Personal information
- Date of birth: September 29, 1993 (age 31)
- Place of birth: Olney, Maryland, United States
- Height: 5 ft 10 in (1.78 m)
- Position(s): Midfielder

Youth career
- 2009–2011: D.C. United

College career
- Years: Team / Apps / (Gls)
- 2011–2014: Georgetown Hoyas / 88 / (7)

Senior career*
- Years: Team / Apps / (Gls)
- 2014: Pittsburgh Riverhounds U23 / 6 / (0)
- 2015: New England Revolution / 1 / (0)
- 2015: → Rochester Rhinos (loan) / 14 / (0)
- 2016–2017: Puerto Rico FC / 23 / (2)
- 2018: Christos FC / 4 / (2)
- Total:  / 48 / (4)

= Tyler Rudy =

American soccer player

Tyler Rudy (born September 29, 1993) is an American former professional soccer player who played for the New England Revolution and Puerto Rico FC.

==Career==
===College and amateur===
Rudy played four years of college soccer at Georgetown University between 2011 and 2014.

He had seven goals and 12 assists in 88 appearances for the Hoyas while helping them reach the College Cup Final in 2012. Rudy served as a captain for Georgetown as a senior in 2014, earning Second Team All-BIG EAST honors while also being named a BIG EAST All-Academic selection. While still in college, Rudy played for the Pittsburgh Riverhounds U23 of the Premier Development League for the 2014 season.
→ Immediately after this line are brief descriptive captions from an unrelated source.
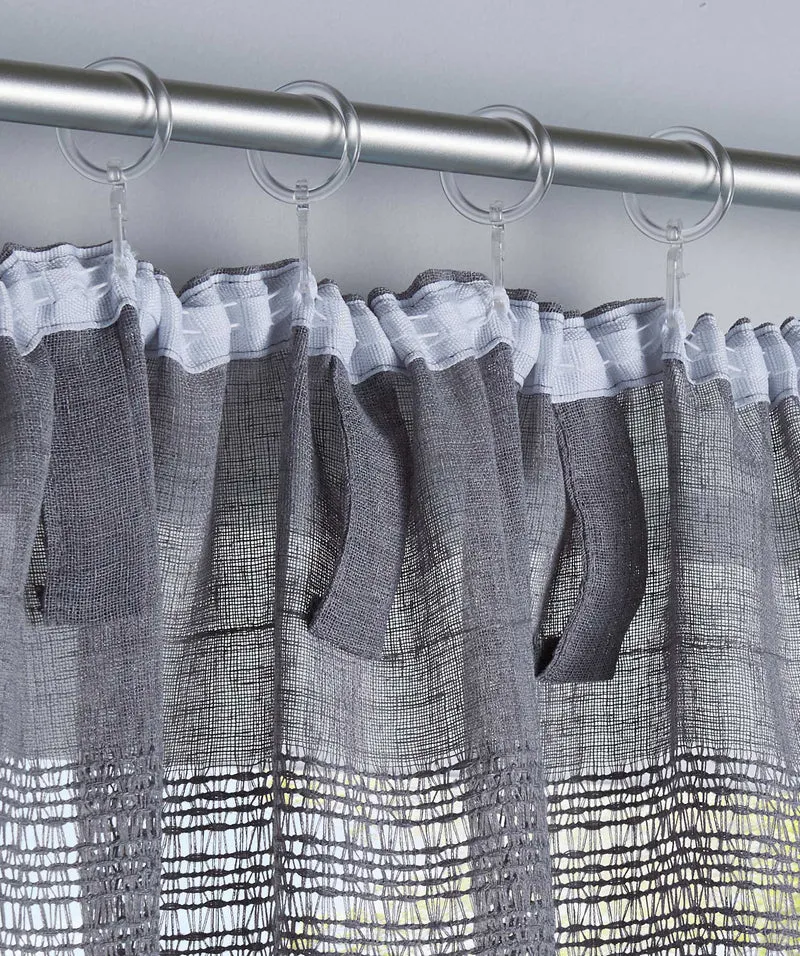 2er Set Gardinen Voile »Sanremo« Landhaus-Stil Querstreifen Leinen Häkel Optik Netzstruktur verdeckte Schlaufen Gardinenband 20190340-2
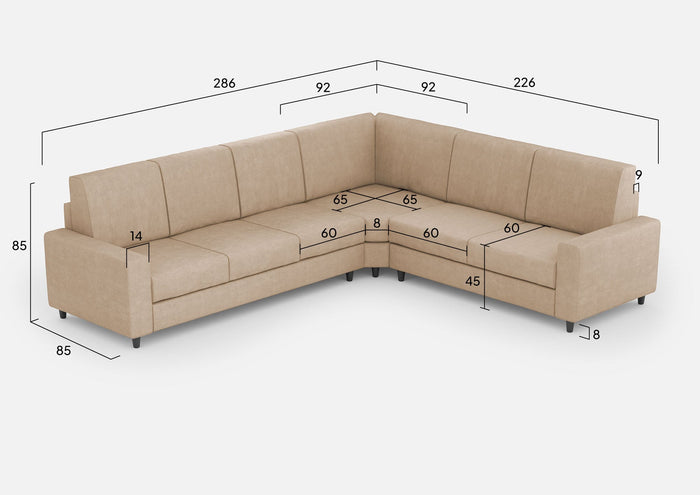 Divano Angolare 6 Posti 286x226x85 cm Sakar in Tessuto Beige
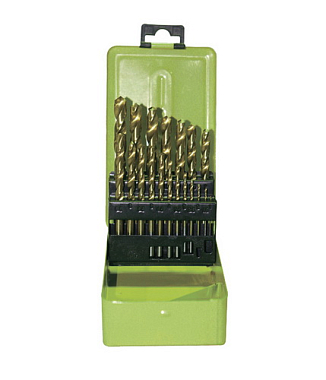 Набор сверл по металлу 19шт (D1-10мм/шаг 0,5мм) TiN,  в металлической коробке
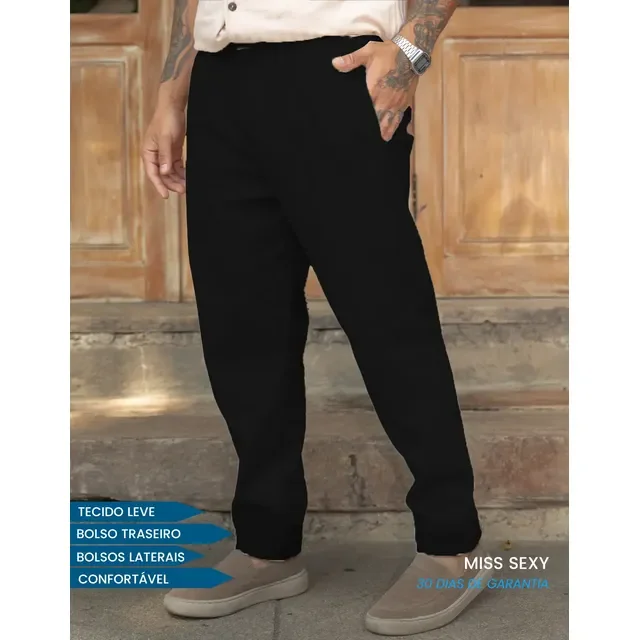 Calça Linho Social Casual Tecido Premium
He appeared in six matches for the club, tallying one assist.

===Professional===
Rudy signed with MLS side New England Revolution on February 28, 2015. He was loaned to New England's United Soccer League affiliate Rochester Rhinos on April 3, 2015. He appeared in 14 games for the Rochester Rhinos, as they went on to win the 2015 United Soccer League Championship.

On March 30, 2016, Rudy signed with NASL expansion side Puerto Rico FC. He announced his retirement from the game on June 30, 2017.